2. Missing Resource Limits

Problem:

yaml
# Container without resource limits
containers:
- name: unlimited-app
image: myapp:latest
# No resource limits - could lead to resource exhaustion

Solution:

yaml
# Container with resource limits
containers:
- name: limited-app
image: myapp:latest
resources:
limits:
cpu: "1"
memory: "512Mi"
requests:
cpu: "0.5"
memory: "256Mi"

3. Vulnerable Dependencies

When your scanning tool identifies a vulnerable dependency:

bash
# Example scanner output:
CVE-2022-12345: High severity - Library X version 1.2.3 is vulnerable to remote code execution

Solution:

dockerfile
# Original Dockerfile
FROM node:14
COPY package.json .
RUN npm install
# ...rest of Dockerfile

# Fixed Dockerfile
FROM node:14
COPY package.json .
RUN npm install
RUN npm audit fix
# For more critical vulnerabilities, update the specific package:
RUN npm update vulnerable-package@latest
# ...rest of Dockerfile

Best Practices for Kubernetes Security Scanning

  1. Scan Early and Often: Integrate scanning into your CI/CD pipeline to catch issues before deployment

  2. Use Multiple Tools: Different scanners catch different issues:

    • Trivy or Clair for image scanning
    • Kubesec or Kube-score for configuration scanning
    • Kube-bench for CIS benchmark compliance
    • Falco for runtime security
  3. Define Security Policies: Create clear policies for what security issues must be fixed versus those that can be accepted

  4. Implement Automated Remediation: Where possible, automate the fixing of common issues

  5. Keep Tools Updated: Security scanners need regular updates to recognize new vulnerabilities

  6. Scan All Components: Don't focus only on applications - scan the Kubernetes components too

  7. Track Security Metrics: Monitor improvements in your security posture over time

Implementing Scanning in Production

For a production environment, you'll want to consider these additional steps:

  1. Create an Exception Process: Some vulnerabilities may need temporary exceptions

  2. Scale Your Scanning: For large clusters, distribute scanning workloads

  3. Integrate with Alert Systems: Send critical findings to your notification systems

  4. Regular Audit Reports: Generate compliance and vulnerability reports for stakeholders

Example: Complete Security Scanning Pipeline

Here's how to implement a complete scanning pipeline using popular open-source tools:

bash
#!/bin/bash
# security-scan.sh

# 1. Build the container image
docker build -t myapp:latest .

# 2. Scan the image for vulnerabilities
echo "Scanning container image..."
trivy image --severity HIGH,CRITICAL myapp:latest

# 3. Scan Kubernetes manifests
echo "Scanning Kubernetes manifests..."
for file in k8s/*.yaml; do
kubesec scan $file
done

# 4. Check CIS Benchmarks compliance
echo "Checking CIS Benchmarks compliance..."
kubectl apply -f kube-bench-job.yaml
sleep 30
kubectl logs job/kube-bench

# 5. Deploy with admission controller validation
echo "Deploying application..."
kubectl apply -f k8s/deployment.yaml

# 6. Enable runtime monitoring
echo "Setting up runtime monitoring..."
kubectl apply -f falco-rules.yaml

Summary

Kubernetes security scanning is an essential practice for maintaining secure containerized environments. By implementing a comprehensive scanning strategy that covers images, configurations, compliance, and runtime security, you can dramatically reduce the risk of security incidents.

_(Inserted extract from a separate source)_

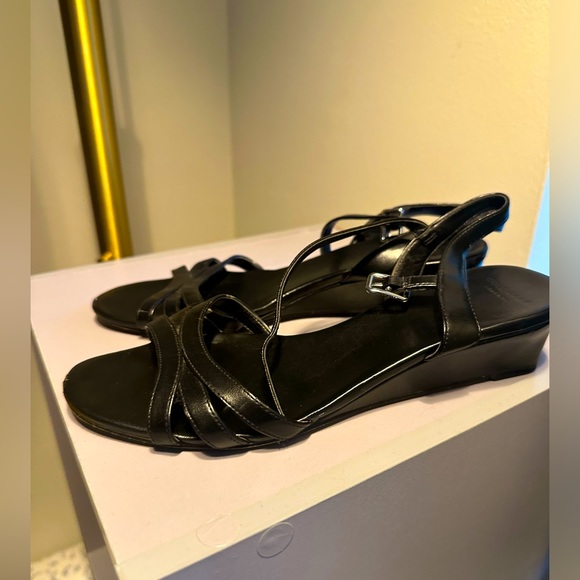 Cole Haan Grand OS Black Wedge Heel Sandals Size 7.5 - Picture 1 of 3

Remember these key points:

  • Scanning should occur at multiple stages of the container lifecycle
  • Different types of scanning address different security concerns
  • Automation is essential to make security scanning practical
  • Remediation is just as important as detection
  • A layered security approach provides the most robust protection

Additional Resources

Exercises

  1. Set up Trivy to scan a container image and identify at least three vulnerabilities
  2. Create a Kubernetes deployment manifest and use Kubesec to improve its security score
  3. Implement a GitHub Actions workflow that scans your Kubernetes manifests before deployment
  4. Configure a Falco rule to detect when a container attempts to modify system files
  5. Create a security policy for your organization and implement it as a validating admission webhook


If you spot any mistakes on this website, please let me know at [email protected]. I’d greatly appreciate your feedback! :)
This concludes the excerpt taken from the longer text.